SIOUX FALLS, S.D. (KELO) — Along with the photogenic falls of the Big Sioux River, it is another iconic part of Sioux Falls.
It’s not a site, but rather a smell. A smell you can get a whiff of on some days in downtown Sioux Falls.
This infamous smell is well-known by longtime residents of Sioux Falls. The pungent odor is easily recognized and brushed off by many people who have ever lived the Midwest. Embraced by some in the community, the smell has also been commonly dubbed “the smell of money.”
But for people new to Sioux Falls and visitors, the smell can be one of the first questions asked when arriving to town.
So how come some days the smell can seem overpowering in parts of the city and many days it goes unnoticeable? Are there any regulations regarding nuisance smells? KELOLAND News went looking for answers about one of Sioux Falls’ unique secrets.
What causes the stench?
The Smithfield Foods plant, formerly known as John Morrell, has long been a part of Sioux Falls’ history, dating back to the early 1900s. As one of the largest pork processing plants in the nation, the plant deals with thousands of hogs each day. Naturally, when dealing with so many pigs, an overpowering stench can occasionally occur.
KELOLAND meteorologist Brian Karstens said the temperature in the atmosphere plays a key role in helping the smell linger on certain days. On days when the temperature is higher in the atmosphere than near the ground level, air particles containing the smell can’t dissipate as easily.

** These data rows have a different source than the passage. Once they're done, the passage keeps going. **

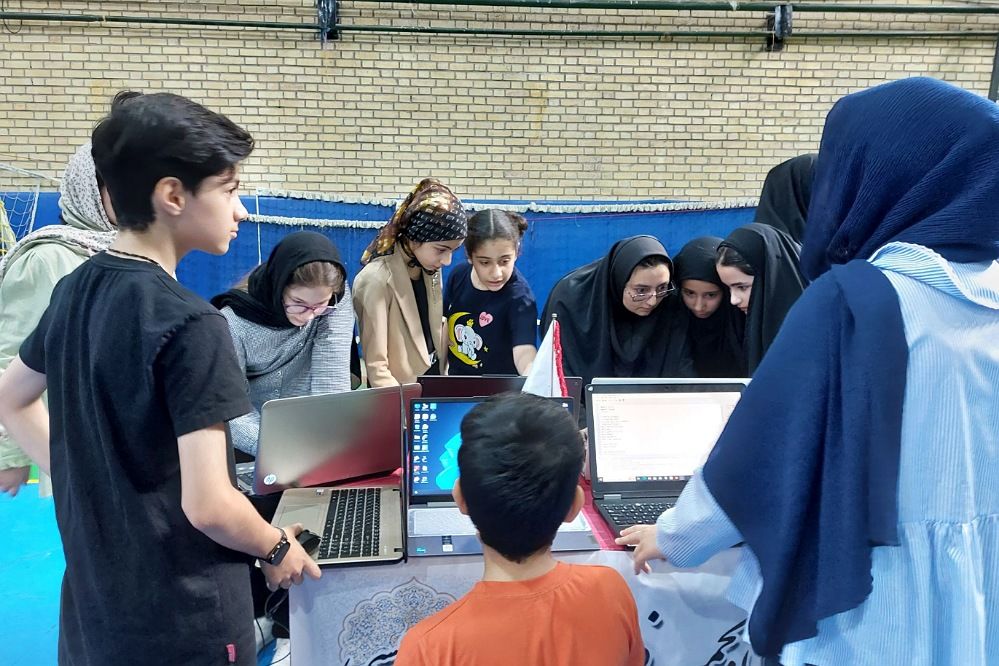 اختتامیه کلاس‌های تابستانی پژوهش‌سرای خواجه نصیر با درخشش دانش‌آموزان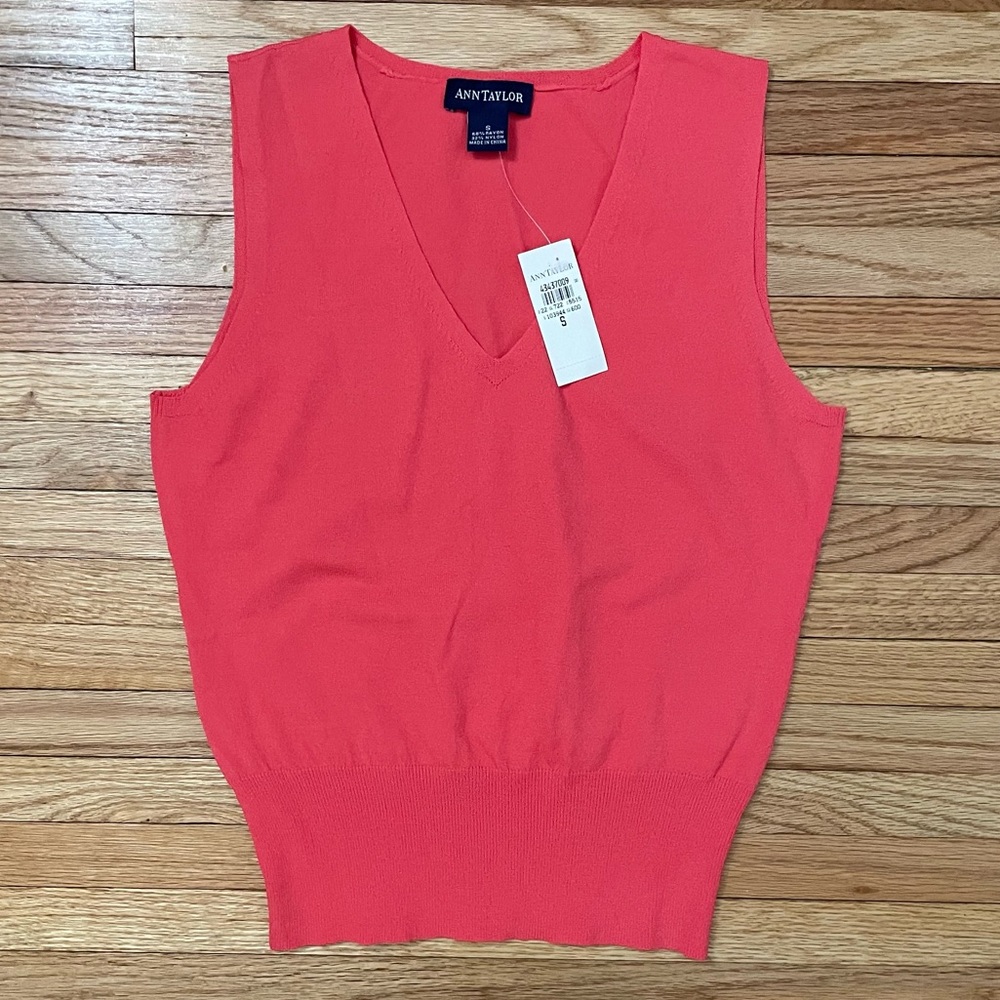 ANN TAYLOR Coral Tank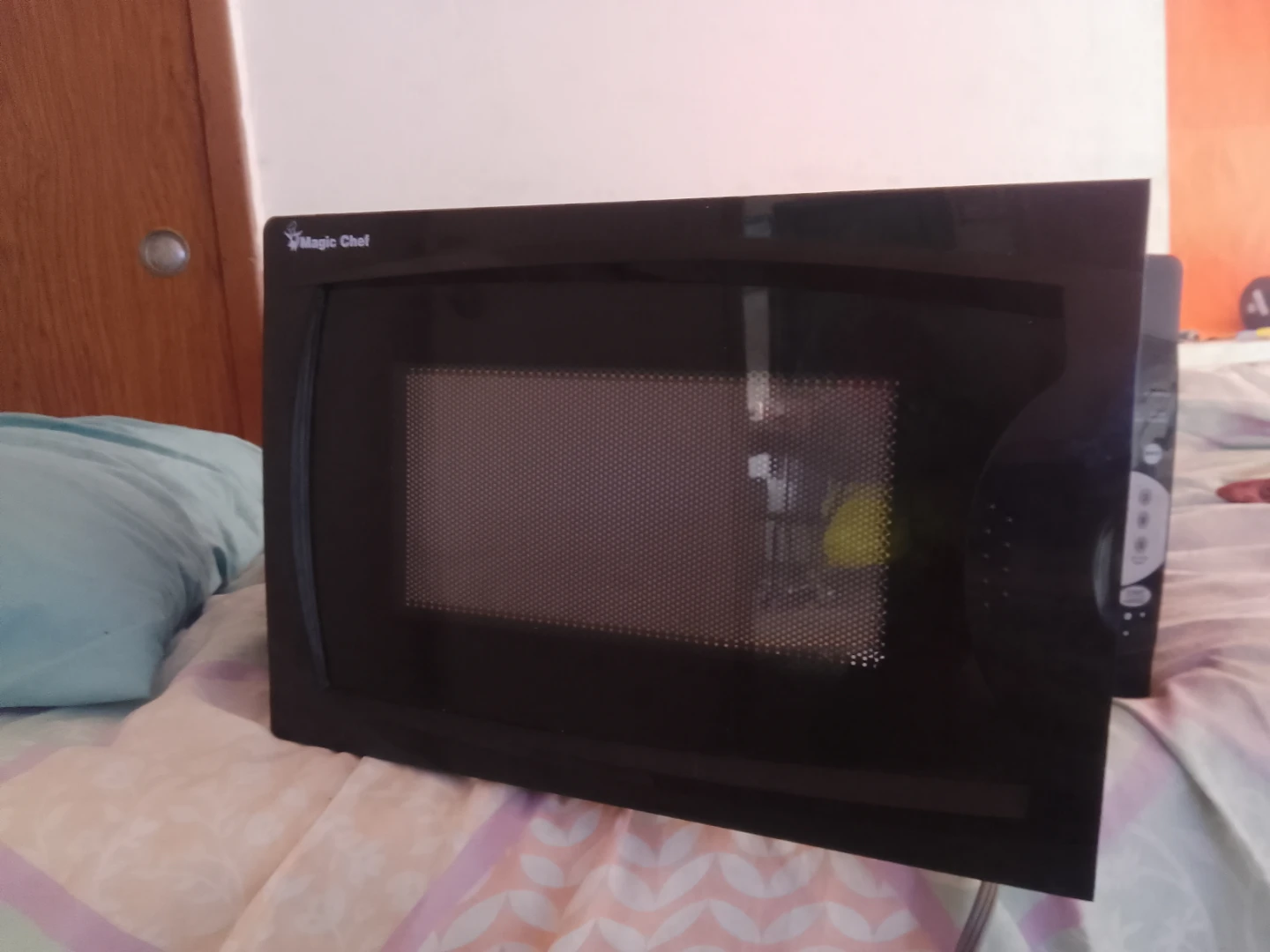 Magic Chef Microwave Oven - photo 2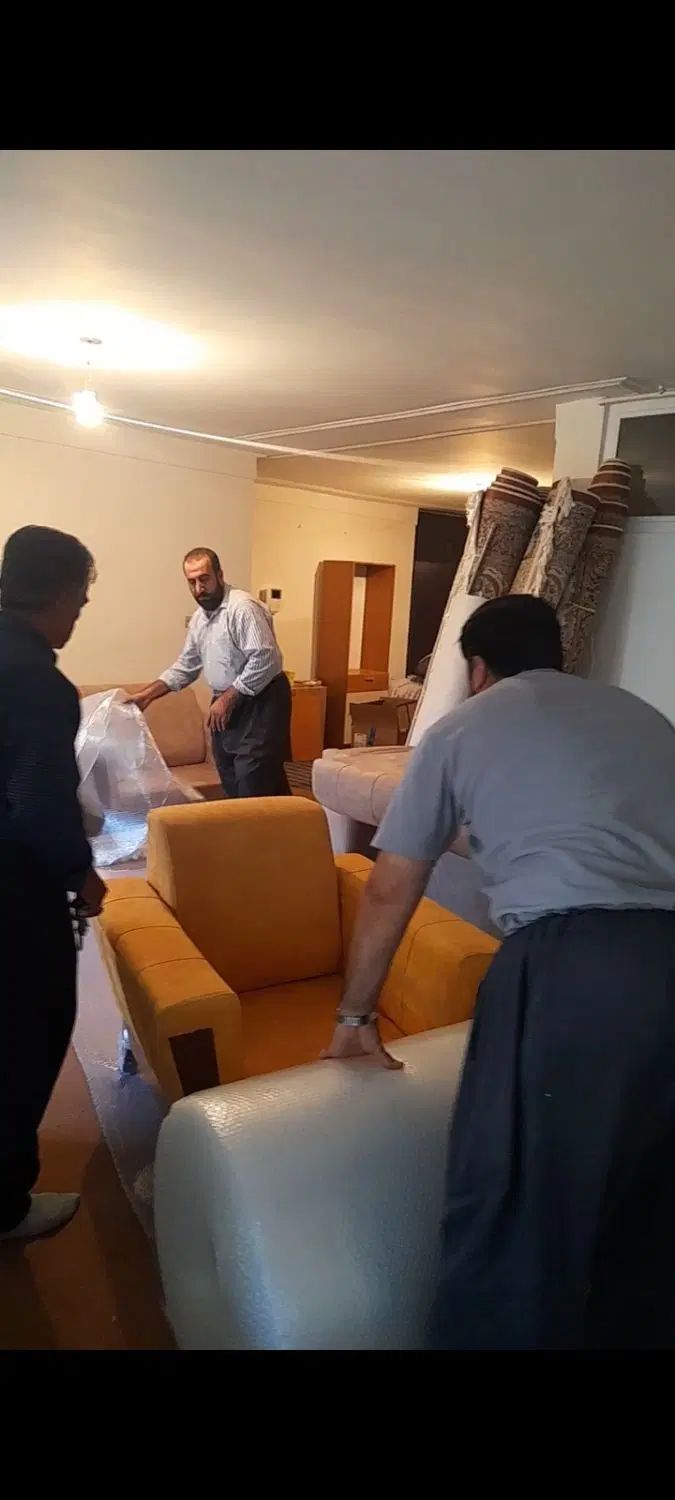 شرکت حق شناس * ایسوزو۶متری باکارگر حمل اثاثیه منزل|خدمات حمل و نقل|سنندج, |دیوار
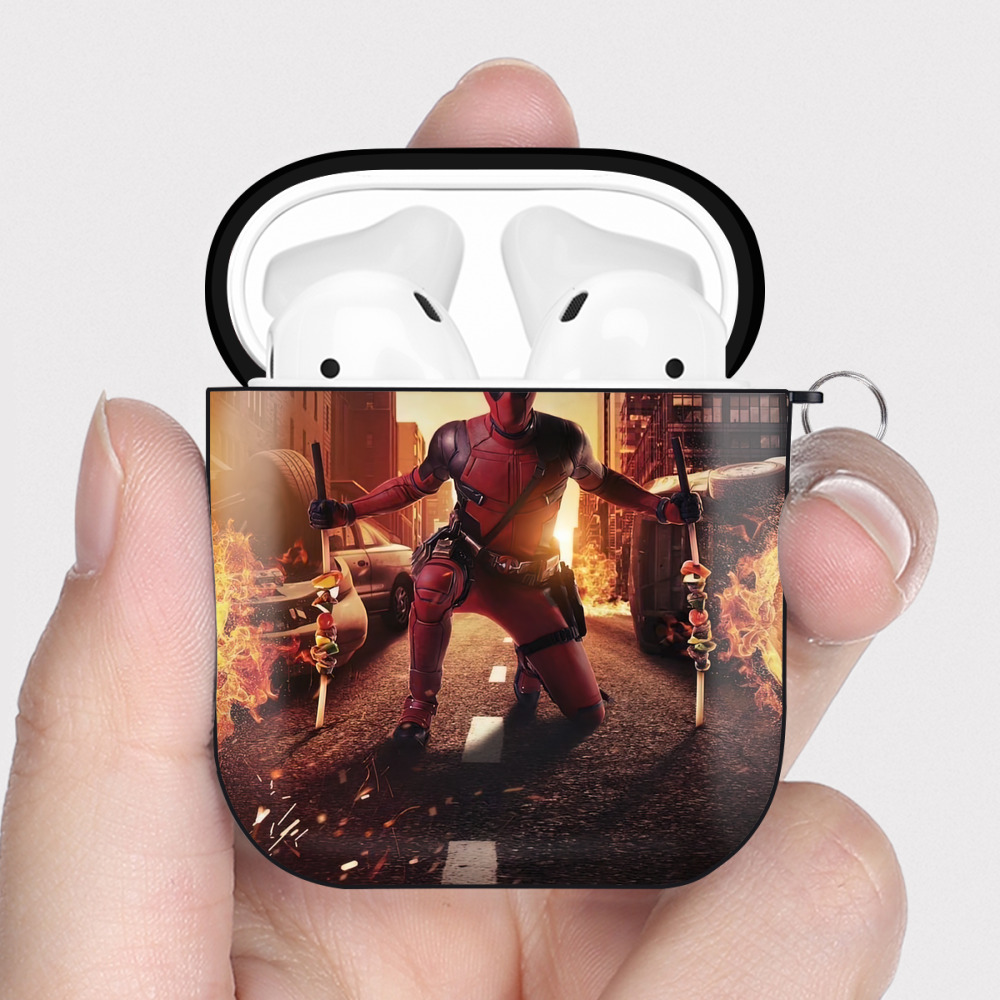 （画像用） Deadpool デッドプール AirPods 第2世代保護ケース ハードシェル ブラック 耐衝撃・防指紋・カラビナ付き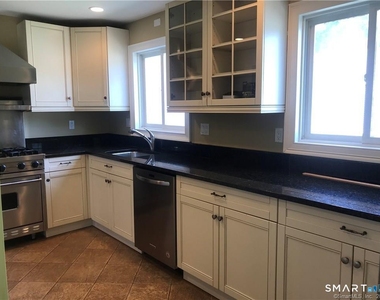 244 Greens Farm Road - Photo Thumbnail 10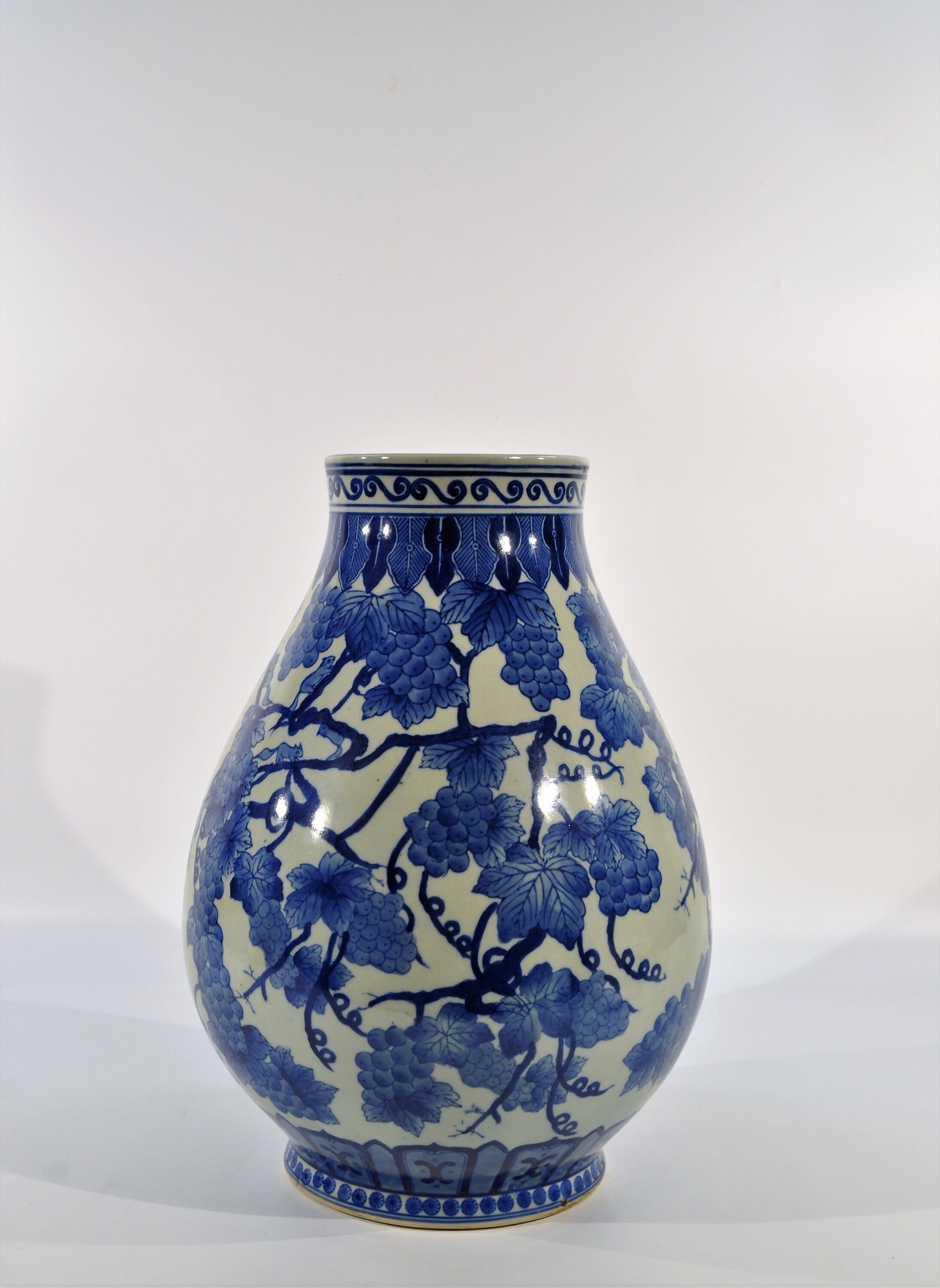 大きな磁器製アジアン花瓶、青いブドウのつるモチーフ / オリエンタル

“It traps those smells closer to the ground level,” Karstens said. “That overhead warm air kind of traps that and that trapping effect can be really noticeable.”
After those conditions are met, Karstens said the wind direction determines where the air flow is distributed.
“In South Dakota, our wind becomes such a dominant factor that typically those things are fairly short-lived,” Karstens said. “With that industry you are going to have that. People who have grown up here, know that is going to be the case from time-to-time.”
No matter how bad it can smell, conditions can switch in the matter of minutes.
“You can always count on a change in our weather,” Karstens said.
Is the smell regulated or measured in any way?
A spokesman for the United States Department of Agriculture Food Safety and Inspection Service told KELOLAND News the federal agency only focuses on what is happening inside the facility. Anything like nuisance smell outside the building is not under federal jurisdiction and pointed to state agencies.
“Air quality and air pollution sources are regulated in South Dakota under the state and federal Clean Air Acts, however, DENR does not have statutory authority to regulate odor,” Brian Walsh with the South Dakota Department of Agriculture said.
Walsh said local government agencies and countries sometimes adopt ordinances for odor.
Craig Dewey with the Minnehaha County Commission Office said Minnehaha County does not monitor odor inside the city of Sioux Falls limits.
And the city of Sioux Falls does not monitor or regulate odor.
“Our department does not monitor or regulate odor. I also checked with Public Works and Health and while there are environmental issues we do monitor; odor is not one of them.” director of planning and development Jeff Eckhoff said.
KELOLAND News reached out to Smithfield Foods to ask about any steps the plant takes to mitigate the odor. We will update this story with any response we receive.